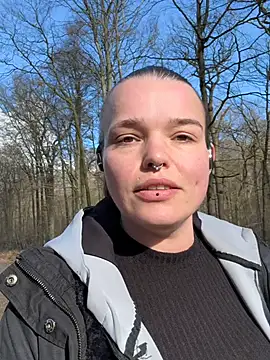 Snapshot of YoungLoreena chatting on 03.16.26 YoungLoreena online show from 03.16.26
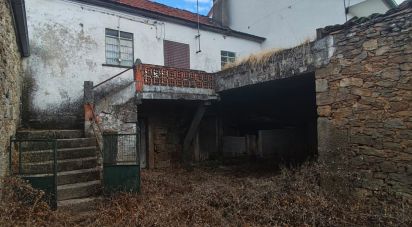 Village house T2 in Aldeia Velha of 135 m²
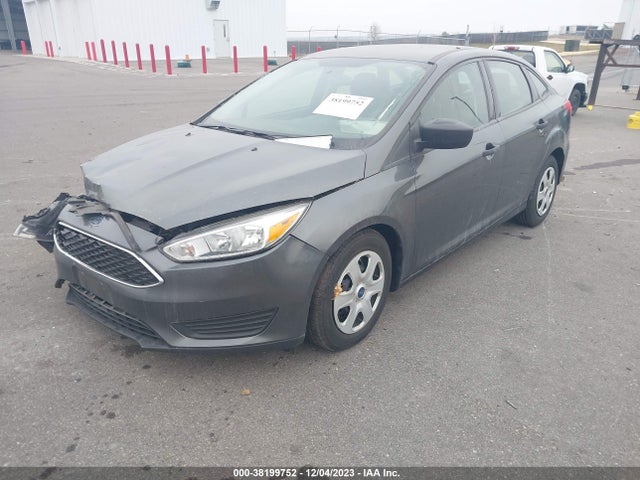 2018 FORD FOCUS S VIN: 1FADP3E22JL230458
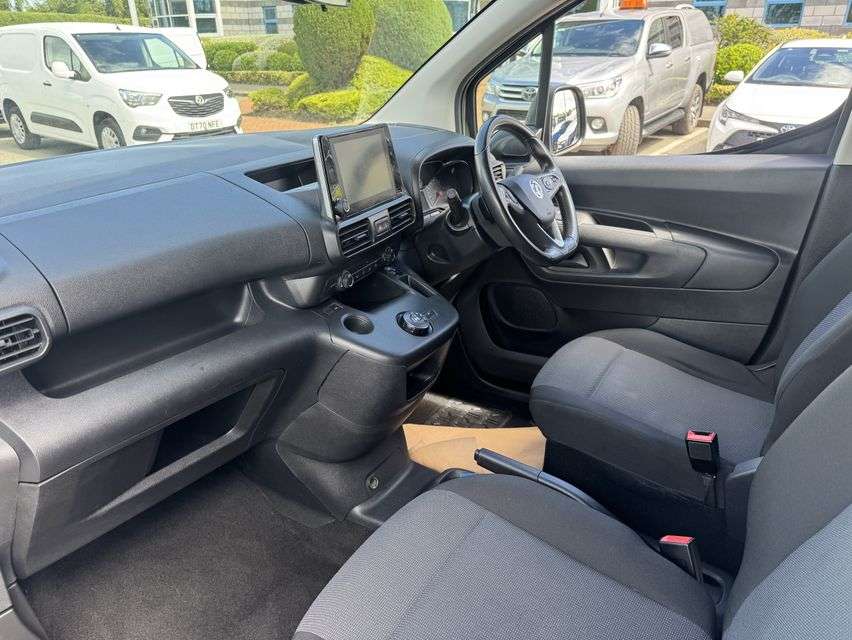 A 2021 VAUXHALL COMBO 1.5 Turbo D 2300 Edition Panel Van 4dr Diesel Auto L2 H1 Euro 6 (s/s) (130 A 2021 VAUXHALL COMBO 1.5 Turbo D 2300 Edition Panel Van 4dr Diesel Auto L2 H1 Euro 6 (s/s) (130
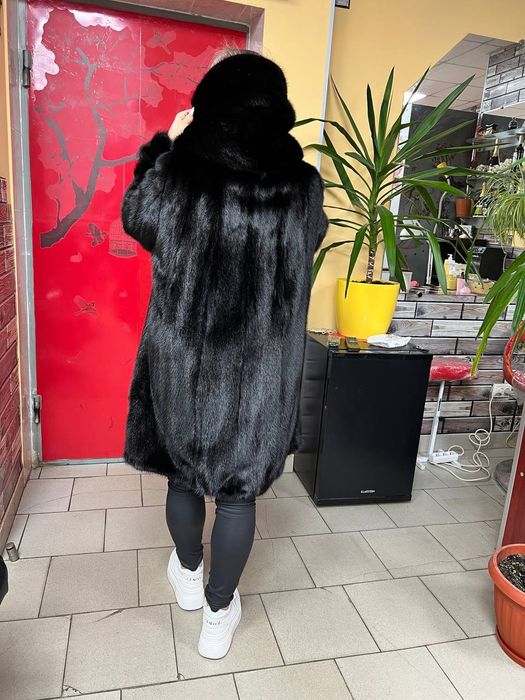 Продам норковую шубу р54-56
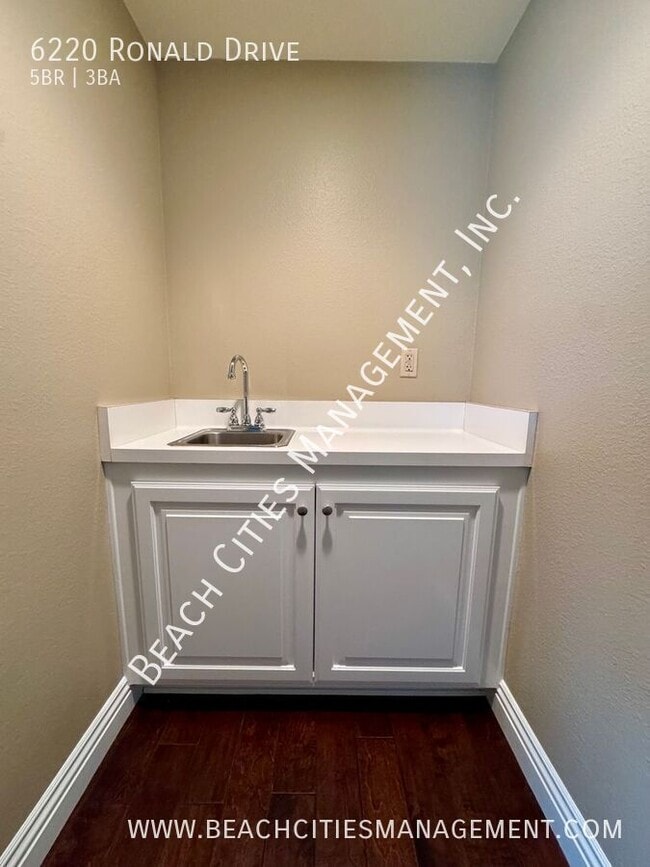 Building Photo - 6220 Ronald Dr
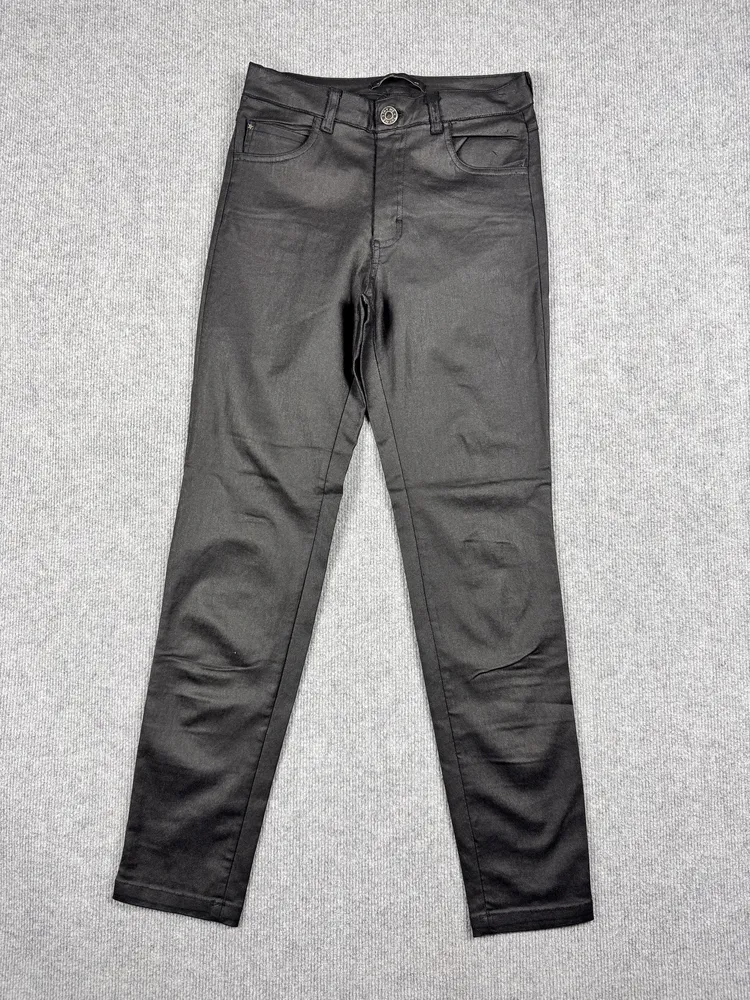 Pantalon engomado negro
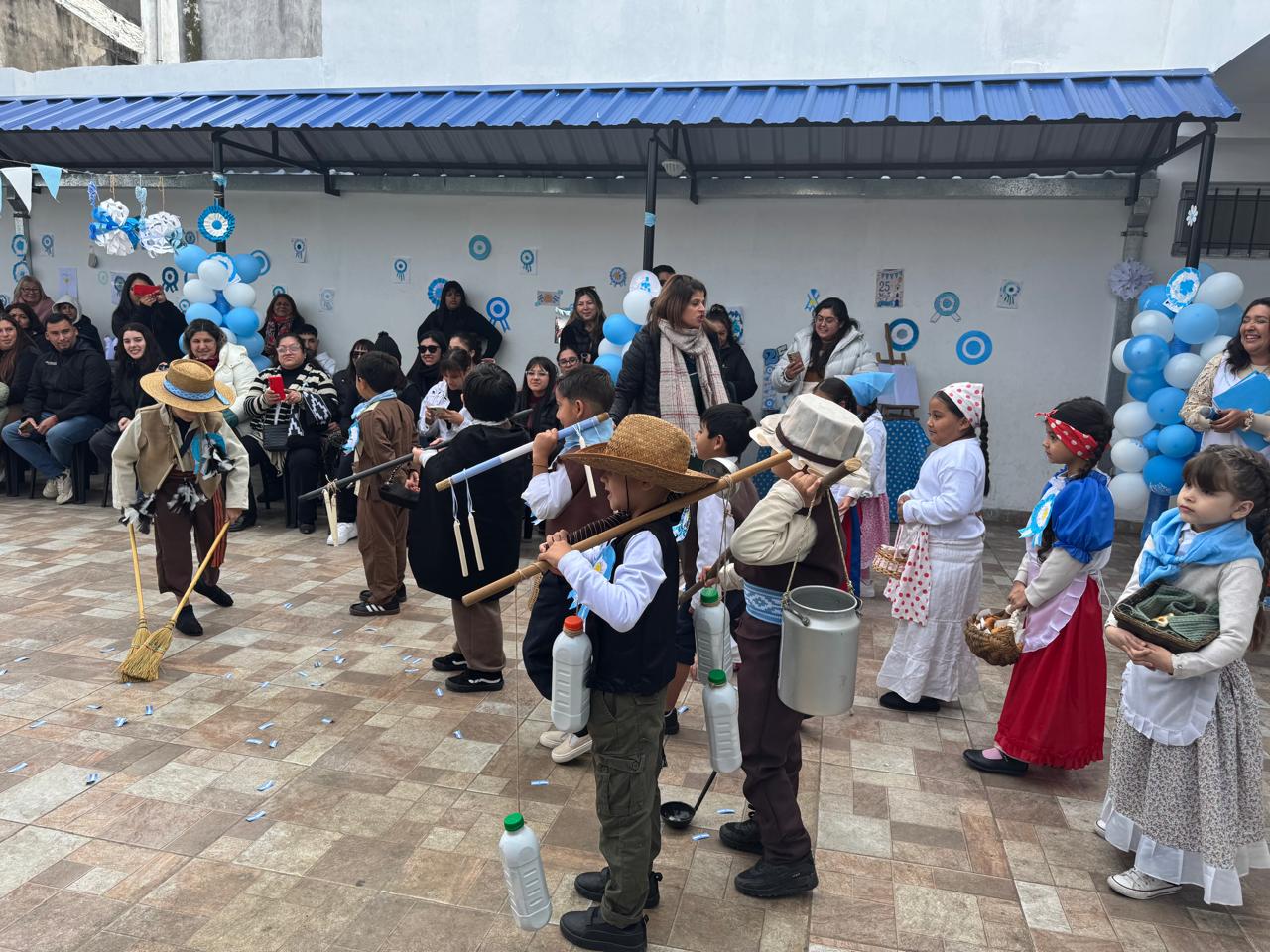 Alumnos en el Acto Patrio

--

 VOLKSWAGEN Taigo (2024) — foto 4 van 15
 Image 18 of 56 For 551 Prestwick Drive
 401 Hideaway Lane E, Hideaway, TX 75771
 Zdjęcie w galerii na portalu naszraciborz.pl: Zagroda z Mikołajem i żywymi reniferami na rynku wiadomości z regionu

--

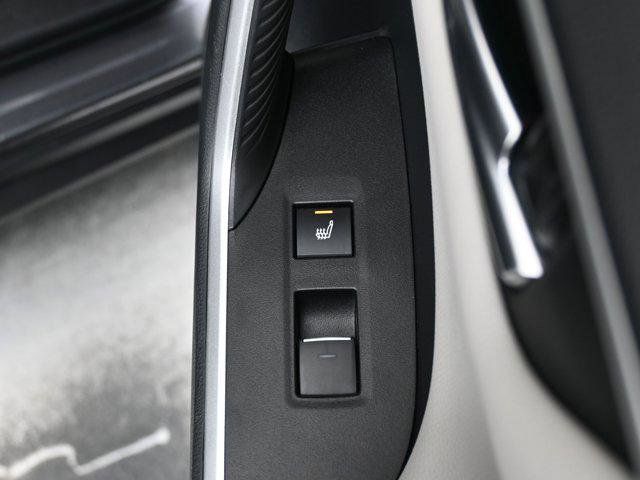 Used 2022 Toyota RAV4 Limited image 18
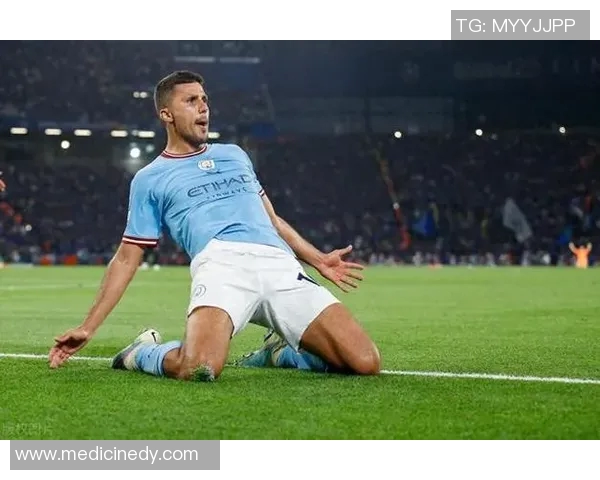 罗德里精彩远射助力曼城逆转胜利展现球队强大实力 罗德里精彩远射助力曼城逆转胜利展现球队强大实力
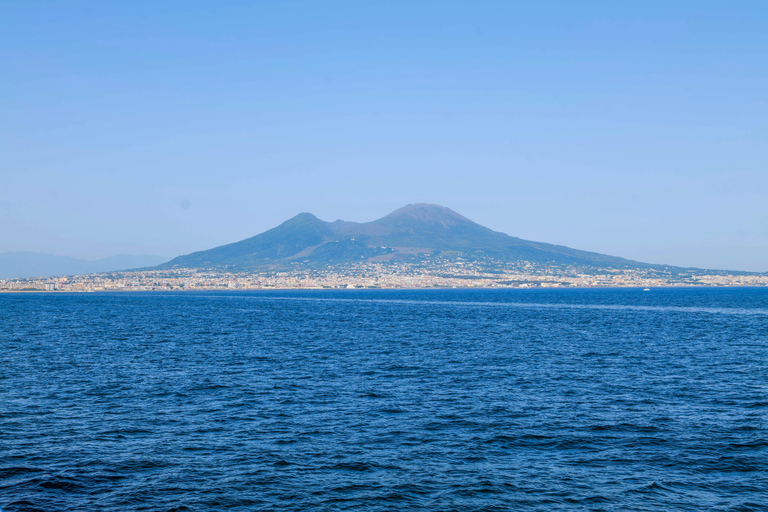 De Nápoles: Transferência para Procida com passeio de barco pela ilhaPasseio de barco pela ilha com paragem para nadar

■ BRIEF ■
Set down exactly the lines of the data above, beginning with the line that has "Image 18 of 56 For 551 Prestwick Drive" and ending with the line that has "Zdjęcie w galerii", and no others.

■ FINAL ANSWER ■
 Image 18 of 56 For 551 Prestwick Drive
 401 Hideaway Lane E, Hideaway, TX 75771
 Zdjęcie w galerii na portalu naszraciborz.pl: Zagroda z Mikołajem i żywymi reniferami na rynku wiadomości z regionu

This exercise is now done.